Cool. What would be interesting, to get a true measure of the value of position in this game (it's still clearly valuable, just apparently not enough to make the game +EV for the BB), would be to compute the EV if the BB had to act first instead of the SB. The difference is the value of position.

It's my hunch that if you crunch numbers in more detail, the player in position's advantage WHEN THE POT IS RAISED BY EITHER PLAYER continues to increase (approaching some maximum value that's obviously capped at or below winning $3 back from the pot), but the amount of times the pot can actually be raised is inversely proportional to the raise size (a 10-fold increase in raise size will result in a roughly 10-fold decrease in raise frequency for meaningful raise sizes). That would mathematically account for the distribution with a peak advantage (well, minimum disadvantage) for the BB at 7BB.

[AaronBrown]

[ QUOTE ]
If both player's play the above strategies Player 1 has an expected win of 1/16.

[/ QUOTE ]
I checked your result, and I'm not sure it's correct. Checking is much easier than solving, I just computed the expected value for each player, then checked if a slight change to any of the parameters increased the expected value for the player controlling that parameter.

To make progress, I suggest we start with the calculated edge. Based on your strategy, I think the results should be as shown in the table below. The first number is the frequency out of 384 hands that the result should occur, the second number just states the frequency as a percentage, the third number is the small blind's profit (negative for a loss) and the fourth number is the profit to the big blind.

The average profit for SB is 35/32, meaning a gain of 3/32 (not 1/16 as you said) after posting the small blind. The average profit for BB is 61/32, meaning a loss of 3/32 after posting.

Do you agree with these outcomes? If so, we can move on to slight variations.
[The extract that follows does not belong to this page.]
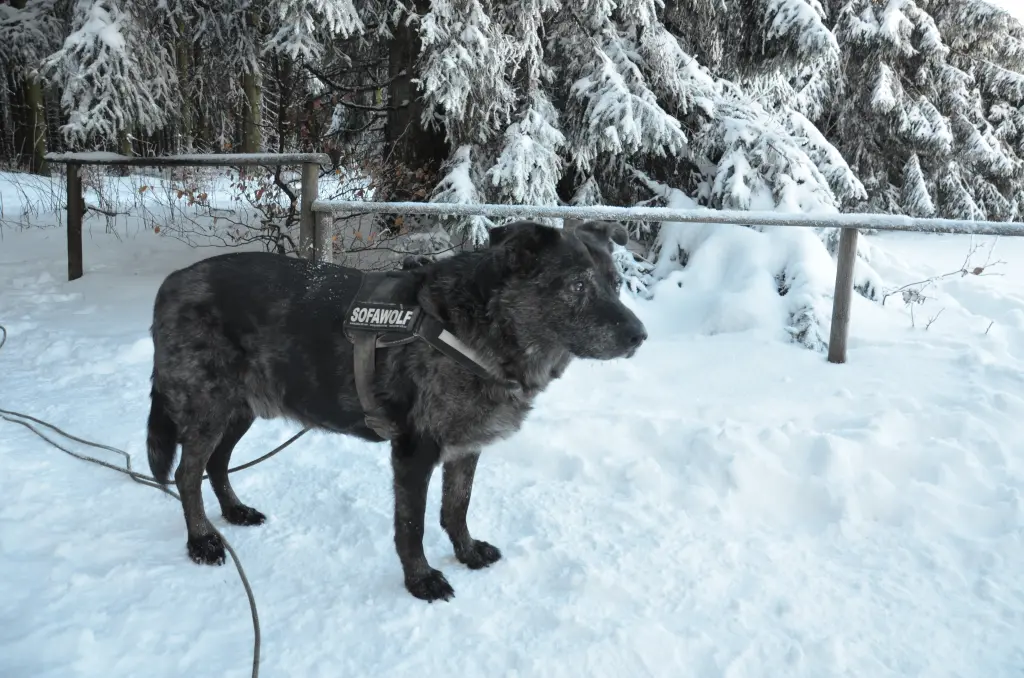 Image from Balou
If not, perhaps I've made a mistake in entering your strategy or computing the results.

112 29% 0 3 SB folds
64 17% 3 0 SB Raises, BB Folds
60 16% 3 0 SB Calls, BB Calls, SB wins
36 9% 5 -2 SB Raises, BB Calls, SB wins
33 9% -3 6 SB Calls, BB Raises, SB Calls, BB wins
28 7% -3 6 SB Raises, BB Calls, BB wins
24 6% -1 4 SB Calls, BB Raises, SB Folds
15 4% 5 -2 SB Calls, BB Raises, SB Calls, SB wins
12 3% 0 3 SB Calls BB Calls, BB wins

[wax42]

[ QUOTE ]
[ QUOTE ]
If both player's play the above strategies Player 1 has an expected win of 1/16.

[/ QUOTE ]
I checked your result, and I'm not sure it's correct. Checking is much easier than solving, I just computed the expected value for each player, then checked if a slight change to any of the parameters increased the expected value for the player controlling that parameter.

To make progress, I suggest we start with the calculated edge. Based on your strategy, I think the results should be as shown in the table below. The first number is the frequency out of 384 hands that the result should occur, the second number just states the frequency as a percentage, the third number is the small blind's profit (negative for a loss) and the fourth number is the profit to the big blind.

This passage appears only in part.